Schnable v. United States

105 Fed. Cl. 610, 2012 U.S. Claims LEXIS 678, 2012 WL 2403533
CourtUnited States Court of Federal Claims
DecidedJune 27, 2012
DocketNo. 11-491 C
StatusPublished

This text of 105 Fed. Cl. 610 (Schnable v. United States) is published on Counsel Stack Legal Research, covering United States Court of Federal Claims primary law. Counsel Stack provides free access to over 12 million legal documents including statutes, case law, regulations, and constitutions.

Bluebook
Schnable v. United States, 105 Fed. Cl. 610, 2012 U.S. Claims LEXIS 678, 2012 WL 2403533 (uscfc 2012).

Opinion

OPINION AND ORDER

DAMICH, Judge:

In this complaint for military back pay and allowances, Plaintiff Thomas J. Schnable challenges the validity of his court-martial conviction and subsequent dishonorable discharge from the United States Navy. He alleges that his discharge was unlawful and void because, in the appeal of his conviction, he was denied his Sixth Amendment right to counsel of his choice and his Fifth Amendment right to due process. He seeks back pay and allowances in excess of $678,532.39 dating from his 2007 discharge, as well as costs, disbursements, and attorney’s fees.
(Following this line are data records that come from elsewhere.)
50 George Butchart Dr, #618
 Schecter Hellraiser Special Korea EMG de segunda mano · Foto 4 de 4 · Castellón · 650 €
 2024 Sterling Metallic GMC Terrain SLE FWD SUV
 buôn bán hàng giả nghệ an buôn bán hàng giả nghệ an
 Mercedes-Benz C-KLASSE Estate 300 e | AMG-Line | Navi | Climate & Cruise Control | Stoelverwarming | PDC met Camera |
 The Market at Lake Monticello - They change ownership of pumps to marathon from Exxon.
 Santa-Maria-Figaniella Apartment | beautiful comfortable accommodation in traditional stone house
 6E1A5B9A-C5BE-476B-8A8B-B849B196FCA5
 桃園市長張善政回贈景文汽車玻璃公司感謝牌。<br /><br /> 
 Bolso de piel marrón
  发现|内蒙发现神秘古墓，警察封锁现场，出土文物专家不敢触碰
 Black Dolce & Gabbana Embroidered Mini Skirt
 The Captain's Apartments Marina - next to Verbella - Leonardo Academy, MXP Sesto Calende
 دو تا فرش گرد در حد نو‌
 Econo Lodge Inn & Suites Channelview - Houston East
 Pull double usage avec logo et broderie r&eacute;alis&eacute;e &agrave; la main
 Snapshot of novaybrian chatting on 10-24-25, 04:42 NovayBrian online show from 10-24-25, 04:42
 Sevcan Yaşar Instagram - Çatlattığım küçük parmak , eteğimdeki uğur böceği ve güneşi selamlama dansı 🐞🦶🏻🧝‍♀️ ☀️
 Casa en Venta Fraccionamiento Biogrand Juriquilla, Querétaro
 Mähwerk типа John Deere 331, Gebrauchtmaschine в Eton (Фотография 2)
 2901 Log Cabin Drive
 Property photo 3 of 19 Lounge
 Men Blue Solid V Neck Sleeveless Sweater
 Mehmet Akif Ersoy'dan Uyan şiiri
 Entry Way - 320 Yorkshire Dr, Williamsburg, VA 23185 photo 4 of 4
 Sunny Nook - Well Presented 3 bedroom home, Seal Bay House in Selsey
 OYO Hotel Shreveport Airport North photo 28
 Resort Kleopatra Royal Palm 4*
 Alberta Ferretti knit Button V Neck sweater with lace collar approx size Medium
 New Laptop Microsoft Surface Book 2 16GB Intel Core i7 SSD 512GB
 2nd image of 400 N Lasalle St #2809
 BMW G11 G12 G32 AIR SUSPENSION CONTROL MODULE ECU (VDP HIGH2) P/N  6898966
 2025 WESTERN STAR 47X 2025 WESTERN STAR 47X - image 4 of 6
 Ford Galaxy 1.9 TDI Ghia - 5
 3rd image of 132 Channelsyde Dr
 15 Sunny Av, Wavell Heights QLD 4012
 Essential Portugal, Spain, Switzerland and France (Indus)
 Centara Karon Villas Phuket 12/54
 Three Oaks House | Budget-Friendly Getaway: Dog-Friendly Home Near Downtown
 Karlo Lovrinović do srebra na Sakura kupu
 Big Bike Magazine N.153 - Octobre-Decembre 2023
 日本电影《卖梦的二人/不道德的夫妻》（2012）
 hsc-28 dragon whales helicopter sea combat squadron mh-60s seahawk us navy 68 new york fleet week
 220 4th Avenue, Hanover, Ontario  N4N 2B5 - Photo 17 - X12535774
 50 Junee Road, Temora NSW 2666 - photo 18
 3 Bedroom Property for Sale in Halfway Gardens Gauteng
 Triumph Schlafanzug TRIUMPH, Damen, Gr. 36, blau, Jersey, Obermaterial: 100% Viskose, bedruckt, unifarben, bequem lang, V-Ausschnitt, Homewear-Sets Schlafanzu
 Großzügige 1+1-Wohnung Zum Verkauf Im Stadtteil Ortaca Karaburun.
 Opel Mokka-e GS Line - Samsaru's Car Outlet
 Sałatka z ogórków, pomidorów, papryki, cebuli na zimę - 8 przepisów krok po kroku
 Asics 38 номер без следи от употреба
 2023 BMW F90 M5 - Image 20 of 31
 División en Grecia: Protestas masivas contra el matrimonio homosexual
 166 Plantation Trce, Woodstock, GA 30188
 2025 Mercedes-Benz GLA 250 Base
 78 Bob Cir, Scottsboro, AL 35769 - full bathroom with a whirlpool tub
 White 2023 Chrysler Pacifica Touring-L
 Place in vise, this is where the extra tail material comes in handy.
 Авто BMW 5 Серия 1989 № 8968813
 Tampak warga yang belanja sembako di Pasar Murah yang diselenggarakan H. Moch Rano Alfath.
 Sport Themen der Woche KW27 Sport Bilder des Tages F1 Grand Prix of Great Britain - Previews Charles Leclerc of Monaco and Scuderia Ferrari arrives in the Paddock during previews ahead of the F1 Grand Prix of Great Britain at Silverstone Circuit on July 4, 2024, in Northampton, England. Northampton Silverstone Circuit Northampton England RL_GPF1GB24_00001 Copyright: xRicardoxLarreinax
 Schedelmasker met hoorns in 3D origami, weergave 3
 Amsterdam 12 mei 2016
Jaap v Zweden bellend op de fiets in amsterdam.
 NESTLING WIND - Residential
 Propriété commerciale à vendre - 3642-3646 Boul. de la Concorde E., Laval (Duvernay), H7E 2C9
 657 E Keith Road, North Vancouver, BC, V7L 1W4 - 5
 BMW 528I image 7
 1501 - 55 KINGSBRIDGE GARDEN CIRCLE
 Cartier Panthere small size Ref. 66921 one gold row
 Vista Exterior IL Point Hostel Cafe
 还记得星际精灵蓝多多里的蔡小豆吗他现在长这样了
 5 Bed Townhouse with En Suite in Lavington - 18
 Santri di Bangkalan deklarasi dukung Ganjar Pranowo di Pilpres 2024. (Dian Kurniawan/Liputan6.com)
Defendant has moved for dismissal of Plaintiffs complaint for failure of subject matter jurisdiction, pursuant to Rule 12(b)(1) [612]*612of the Rules of the Court of Federal Claims (“RCFC”), and for failure to state a claim on which relief may be granted, pursuant to RCFC 12(b)(6), or, in the alternative, for Judgment on the Administrative Record, pursuant to RCFC 52.1.

Although in limited circumstances in the Court of Federal Claims a plaintiff may pursue a collateral attack on a military court-martial conviction, here jurisdiction does not yet properly attach because Plaintiff has failed first to exhaust all remedies available to him within the military justice system.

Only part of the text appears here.